Buero Vallejo consiguió, tras serle conmutada la pena de muerte, la libertad y a poco de salir obtuvo el premio nacional de teatro, el Lope de Vega, con Historia de una escalera (1949) donde su otra obra En la ardiente oscuridad consiguió el segundo puesto del certamen. Siempre me he preguntado si hoy en parejas circunstancias, y por ejemplo al revés, ¿al abrir la plica como sucedió aquella vez, se haría efectivo y publico el premio y representada la obra? Tengo mis dudas.

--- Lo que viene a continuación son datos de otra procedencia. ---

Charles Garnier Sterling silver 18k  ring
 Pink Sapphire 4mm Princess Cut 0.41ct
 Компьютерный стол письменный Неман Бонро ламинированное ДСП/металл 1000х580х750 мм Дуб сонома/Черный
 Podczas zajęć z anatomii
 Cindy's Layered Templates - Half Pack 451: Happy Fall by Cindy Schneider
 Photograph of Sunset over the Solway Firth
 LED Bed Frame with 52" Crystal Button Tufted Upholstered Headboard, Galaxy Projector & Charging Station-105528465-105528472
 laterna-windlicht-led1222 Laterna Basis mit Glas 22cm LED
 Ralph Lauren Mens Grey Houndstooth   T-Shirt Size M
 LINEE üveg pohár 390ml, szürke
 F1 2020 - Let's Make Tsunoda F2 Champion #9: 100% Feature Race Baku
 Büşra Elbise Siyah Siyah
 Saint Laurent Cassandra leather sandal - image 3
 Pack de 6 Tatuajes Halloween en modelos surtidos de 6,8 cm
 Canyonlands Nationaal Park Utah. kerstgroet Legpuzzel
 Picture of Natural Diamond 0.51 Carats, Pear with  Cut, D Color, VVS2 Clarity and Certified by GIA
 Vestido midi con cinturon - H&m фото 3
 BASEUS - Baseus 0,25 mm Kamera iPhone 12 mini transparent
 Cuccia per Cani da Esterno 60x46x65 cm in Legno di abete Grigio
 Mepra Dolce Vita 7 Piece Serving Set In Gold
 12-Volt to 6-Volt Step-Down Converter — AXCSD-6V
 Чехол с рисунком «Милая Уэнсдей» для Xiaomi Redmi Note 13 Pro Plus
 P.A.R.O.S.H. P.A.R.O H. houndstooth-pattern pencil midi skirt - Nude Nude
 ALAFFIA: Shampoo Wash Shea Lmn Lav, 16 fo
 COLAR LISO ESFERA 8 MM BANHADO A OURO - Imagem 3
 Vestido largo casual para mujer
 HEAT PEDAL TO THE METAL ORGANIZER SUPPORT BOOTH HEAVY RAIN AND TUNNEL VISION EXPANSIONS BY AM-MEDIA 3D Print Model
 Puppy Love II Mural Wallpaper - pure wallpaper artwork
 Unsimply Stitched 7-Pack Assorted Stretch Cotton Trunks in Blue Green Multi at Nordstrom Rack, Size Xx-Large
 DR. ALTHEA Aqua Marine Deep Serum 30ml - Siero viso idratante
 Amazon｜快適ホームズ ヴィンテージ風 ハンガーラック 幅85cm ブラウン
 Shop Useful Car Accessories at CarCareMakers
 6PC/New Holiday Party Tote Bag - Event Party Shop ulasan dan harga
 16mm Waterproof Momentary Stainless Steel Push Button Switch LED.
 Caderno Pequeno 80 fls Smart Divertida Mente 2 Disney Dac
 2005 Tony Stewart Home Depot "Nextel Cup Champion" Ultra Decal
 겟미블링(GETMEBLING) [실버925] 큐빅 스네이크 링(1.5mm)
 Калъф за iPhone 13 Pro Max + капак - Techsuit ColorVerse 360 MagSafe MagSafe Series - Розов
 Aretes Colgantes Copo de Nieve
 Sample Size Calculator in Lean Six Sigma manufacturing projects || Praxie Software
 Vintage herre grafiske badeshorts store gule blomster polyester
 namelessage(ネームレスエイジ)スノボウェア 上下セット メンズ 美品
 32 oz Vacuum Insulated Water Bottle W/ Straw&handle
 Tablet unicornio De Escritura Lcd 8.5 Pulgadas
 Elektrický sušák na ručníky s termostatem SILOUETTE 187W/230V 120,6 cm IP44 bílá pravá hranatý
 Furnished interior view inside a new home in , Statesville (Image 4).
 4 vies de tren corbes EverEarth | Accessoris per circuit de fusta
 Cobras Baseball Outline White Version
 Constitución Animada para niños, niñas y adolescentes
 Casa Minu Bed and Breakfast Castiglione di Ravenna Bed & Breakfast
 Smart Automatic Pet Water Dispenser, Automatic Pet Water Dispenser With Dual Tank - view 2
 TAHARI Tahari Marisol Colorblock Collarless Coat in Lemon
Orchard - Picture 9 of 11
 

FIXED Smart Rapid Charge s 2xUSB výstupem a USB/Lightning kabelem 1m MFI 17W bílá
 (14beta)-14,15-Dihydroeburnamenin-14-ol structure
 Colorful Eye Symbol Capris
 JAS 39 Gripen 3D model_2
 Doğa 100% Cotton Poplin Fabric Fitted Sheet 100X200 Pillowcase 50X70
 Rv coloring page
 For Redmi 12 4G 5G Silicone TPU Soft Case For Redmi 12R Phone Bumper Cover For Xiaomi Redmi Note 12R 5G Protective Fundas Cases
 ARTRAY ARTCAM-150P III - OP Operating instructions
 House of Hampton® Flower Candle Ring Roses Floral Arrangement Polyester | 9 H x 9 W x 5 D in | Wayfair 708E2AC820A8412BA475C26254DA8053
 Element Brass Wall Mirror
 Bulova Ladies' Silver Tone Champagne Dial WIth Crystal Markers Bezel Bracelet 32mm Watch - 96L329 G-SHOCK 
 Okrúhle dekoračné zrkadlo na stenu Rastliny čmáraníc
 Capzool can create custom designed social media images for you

Pero por no cerrar con amargura traeré aquí, para conmemorarlos a todos como se merecen, las hermosas palabras, éstas en prosa, del poeta de Orihuela que tengo siempre desde hace muchos años ante mis ojos, justo tras el ordenador y que siempre me acarician el corazón. Sobre todo si, al tiempo de leerlas, veo revolarse a los gurriatillos en el árbol de enfrente, tras el cristal. Son de su cuento inconcluso titulado El gorrión y el prisionero.
«Los gorriones son los niños del aire, la chiquillería de los arrabales, plazas y plazuelas del espacio. Son el pueblo pobre, la masa trabajadora que ha de resolver a diario de un modo heroico el problema de la existencia. Su lucha por existir en la luz, por llenar de píos y revuelos el silencio torvo del mundo, es una lucha alegre, decidida, irrenunciable. Ellos llegan, por conquistar la migaja de pan necesaria, a lugares donde ningún otro pájaro llega. Se les ve en los rincones más apartados. Se les oye en todas partes. Corren todos los riesgos y peligros con la gracia y la seguridad que su infancia perpetua les ha dado».